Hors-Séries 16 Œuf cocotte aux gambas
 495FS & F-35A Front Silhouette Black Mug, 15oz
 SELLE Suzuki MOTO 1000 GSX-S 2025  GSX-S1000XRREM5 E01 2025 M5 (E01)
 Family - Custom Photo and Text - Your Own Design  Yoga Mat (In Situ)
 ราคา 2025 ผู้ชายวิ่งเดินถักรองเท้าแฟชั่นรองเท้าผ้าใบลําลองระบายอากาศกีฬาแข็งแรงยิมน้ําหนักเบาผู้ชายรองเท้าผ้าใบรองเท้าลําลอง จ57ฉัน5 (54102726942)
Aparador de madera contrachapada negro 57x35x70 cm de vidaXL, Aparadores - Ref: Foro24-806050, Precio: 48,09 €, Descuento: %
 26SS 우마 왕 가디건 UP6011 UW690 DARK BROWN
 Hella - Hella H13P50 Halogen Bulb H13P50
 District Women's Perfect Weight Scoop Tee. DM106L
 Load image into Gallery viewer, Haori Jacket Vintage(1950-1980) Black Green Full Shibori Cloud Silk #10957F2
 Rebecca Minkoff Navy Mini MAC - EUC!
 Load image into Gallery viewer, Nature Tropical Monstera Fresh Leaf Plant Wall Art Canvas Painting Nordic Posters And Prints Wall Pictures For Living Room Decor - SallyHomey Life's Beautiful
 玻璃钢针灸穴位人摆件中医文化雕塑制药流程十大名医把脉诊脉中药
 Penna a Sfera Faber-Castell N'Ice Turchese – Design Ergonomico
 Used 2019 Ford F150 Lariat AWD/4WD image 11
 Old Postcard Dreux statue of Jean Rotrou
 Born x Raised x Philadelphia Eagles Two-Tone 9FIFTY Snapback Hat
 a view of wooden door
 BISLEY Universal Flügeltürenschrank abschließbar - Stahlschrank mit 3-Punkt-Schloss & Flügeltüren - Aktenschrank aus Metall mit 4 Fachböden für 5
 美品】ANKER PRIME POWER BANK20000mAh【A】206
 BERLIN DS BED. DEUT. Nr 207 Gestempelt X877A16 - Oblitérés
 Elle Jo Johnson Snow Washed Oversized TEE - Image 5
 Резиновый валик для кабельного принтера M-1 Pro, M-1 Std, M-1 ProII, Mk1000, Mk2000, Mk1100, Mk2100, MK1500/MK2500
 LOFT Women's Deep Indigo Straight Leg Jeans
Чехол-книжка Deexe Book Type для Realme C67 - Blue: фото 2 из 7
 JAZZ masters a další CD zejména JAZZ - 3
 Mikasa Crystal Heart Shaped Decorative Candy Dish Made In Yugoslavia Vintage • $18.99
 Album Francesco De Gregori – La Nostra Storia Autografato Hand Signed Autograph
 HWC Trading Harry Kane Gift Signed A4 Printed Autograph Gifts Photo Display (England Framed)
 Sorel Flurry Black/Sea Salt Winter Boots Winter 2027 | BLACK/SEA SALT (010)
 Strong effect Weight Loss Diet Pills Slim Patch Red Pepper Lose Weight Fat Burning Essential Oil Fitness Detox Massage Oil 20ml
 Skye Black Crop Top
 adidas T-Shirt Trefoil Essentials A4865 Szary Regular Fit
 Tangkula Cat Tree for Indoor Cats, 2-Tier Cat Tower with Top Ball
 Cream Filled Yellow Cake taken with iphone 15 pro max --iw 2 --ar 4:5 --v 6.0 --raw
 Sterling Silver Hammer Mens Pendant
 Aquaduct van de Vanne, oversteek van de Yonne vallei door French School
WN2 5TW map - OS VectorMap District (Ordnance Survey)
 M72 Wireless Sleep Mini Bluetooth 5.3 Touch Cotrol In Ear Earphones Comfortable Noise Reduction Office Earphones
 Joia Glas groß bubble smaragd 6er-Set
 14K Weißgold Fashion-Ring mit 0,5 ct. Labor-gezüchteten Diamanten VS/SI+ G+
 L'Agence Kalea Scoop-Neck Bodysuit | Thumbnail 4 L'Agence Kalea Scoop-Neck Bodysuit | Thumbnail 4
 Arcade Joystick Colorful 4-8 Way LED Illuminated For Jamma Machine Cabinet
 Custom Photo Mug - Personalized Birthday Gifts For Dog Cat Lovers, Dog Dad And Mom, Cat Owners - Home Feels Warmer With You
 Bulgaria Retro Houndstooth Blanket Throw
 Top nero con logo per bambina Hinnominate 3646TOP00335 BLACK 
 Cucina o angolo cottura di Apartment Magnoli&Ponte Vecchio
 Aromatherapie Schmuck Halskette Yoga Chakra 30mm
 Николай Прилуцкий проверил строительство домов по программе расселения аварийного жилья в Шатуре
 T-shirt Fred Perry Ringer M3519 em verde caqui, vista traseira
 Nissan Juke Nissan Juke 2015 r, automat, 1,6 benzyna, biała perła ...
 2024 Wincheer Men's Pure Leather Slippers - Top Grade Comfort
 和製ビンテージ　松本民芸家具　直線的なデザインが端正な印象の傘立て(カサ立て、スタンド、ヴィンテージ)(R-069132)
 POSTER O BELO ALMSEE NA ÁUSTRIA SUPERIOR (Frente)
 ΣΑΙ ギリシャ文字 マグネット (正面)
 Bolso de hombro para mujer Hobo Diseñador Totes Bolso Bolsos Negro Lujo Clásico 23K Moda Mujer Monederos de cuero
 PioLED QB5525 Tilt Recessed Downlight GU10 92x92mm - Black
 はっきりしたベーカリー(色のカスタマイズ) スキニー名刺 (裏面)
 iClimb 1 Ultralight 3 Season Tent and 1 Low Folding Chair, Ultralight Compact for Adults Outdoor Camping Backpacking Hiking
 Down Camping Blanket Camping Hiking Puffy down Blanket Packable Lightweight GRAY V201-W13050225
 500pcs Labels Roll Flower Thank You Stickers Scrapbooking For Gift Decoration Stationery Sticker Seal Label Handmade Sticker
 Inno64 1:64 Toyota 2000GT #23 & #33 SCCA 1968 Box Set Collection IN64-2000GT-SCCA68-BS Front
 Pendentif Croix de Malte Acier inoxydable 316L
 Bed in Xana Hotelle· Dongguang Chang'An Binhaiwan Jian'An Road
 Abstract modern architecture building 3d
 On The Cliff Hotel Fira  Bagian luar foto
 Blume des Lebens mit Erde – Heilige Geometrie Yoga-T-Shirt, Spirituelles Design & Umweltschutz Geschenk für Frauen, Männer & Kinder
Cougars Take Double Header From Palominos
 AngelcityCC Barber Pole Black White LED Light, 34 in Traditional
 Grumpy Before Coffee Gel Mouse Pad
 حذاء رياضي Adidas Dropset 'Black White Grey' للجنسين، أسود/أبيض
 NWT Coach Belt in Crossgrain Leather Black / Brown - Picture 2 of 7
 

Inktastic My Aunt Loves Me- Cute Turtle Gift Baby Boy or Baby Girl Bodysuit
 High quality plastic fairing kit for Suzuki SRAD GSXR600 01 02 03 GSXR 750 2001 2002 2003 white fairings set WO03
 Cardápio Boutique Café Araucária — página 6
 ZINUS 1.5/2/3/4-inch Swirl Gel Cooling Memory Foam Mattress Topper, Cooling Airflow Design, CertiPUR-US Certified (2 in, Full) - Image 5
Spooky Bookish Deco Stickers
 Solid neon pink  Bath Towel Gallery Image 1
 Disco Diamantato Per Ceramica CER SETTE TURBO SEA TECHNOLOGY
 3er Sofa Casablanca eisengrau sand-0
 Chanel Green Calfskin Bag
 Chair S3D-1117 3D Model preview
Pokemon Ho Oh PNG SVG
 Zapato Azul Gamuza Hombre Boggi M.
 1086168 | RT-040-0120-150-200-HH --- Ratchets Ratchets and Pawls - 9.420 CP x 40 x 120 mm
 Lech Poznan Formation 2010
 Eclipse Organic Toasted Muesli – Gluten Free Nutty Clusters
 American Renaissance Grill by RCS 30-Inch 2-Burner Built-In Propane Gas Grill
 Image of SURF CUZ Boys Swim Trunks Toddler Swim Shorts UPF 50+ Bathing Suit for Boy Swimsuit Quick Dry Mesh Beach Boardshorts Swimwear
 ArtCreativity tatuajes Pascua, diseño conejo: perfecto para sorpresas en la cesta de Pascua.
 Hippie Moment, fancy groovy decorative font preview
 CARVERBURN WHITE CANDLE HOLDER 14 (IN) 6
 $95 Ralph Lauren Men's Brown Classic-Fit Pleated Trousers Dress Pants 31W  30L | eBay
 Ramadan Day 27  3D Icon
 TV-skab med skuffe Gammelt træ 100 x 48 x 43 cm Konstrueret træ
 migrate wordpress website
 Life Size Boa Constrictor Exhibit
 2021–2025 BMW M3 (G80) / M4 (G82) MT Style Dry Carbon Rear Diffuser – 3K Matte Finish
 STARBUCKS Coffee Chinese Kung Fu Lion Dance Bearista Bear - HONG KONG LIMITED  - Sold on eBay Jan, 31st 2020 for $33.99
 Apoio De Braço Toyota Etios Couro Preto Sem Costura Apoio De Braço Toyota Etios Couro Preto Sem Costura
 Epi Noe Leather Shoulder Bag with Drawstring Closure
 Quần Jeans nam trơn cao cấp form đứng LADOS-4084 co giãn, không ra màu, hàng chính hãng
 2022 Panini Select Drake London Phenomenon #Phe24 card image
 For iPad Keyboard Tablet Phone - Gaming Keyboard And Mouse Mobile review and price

※

**Your objective**
Out of the data above, set down the lines from the one with "Nissan Juke Nissan" to the one with "ΣΑΙ ギリシャ文字 マグネット (正面)", both included, exactly as written and with no additions.

**Result for this exercise**
 Nissan Juke Nissan Juke 2015 r, automat, 1,6 benzyna, biała perła ...
 2024 Wincheer Men's Pure Leather Slippers - Top Grade Comfort
 和製ビンテージ　松本民芸家具　直線的なデザインが端正な印象の傘立て(カサ立て、スタンド、ヴィンテージ)(R-069132)
 POSTER O BELO ALMSEE NA ÁUSTRIA SUPERIOR (Frente)
 ΣΑΙ ギリシャ文字 マグネット (正面)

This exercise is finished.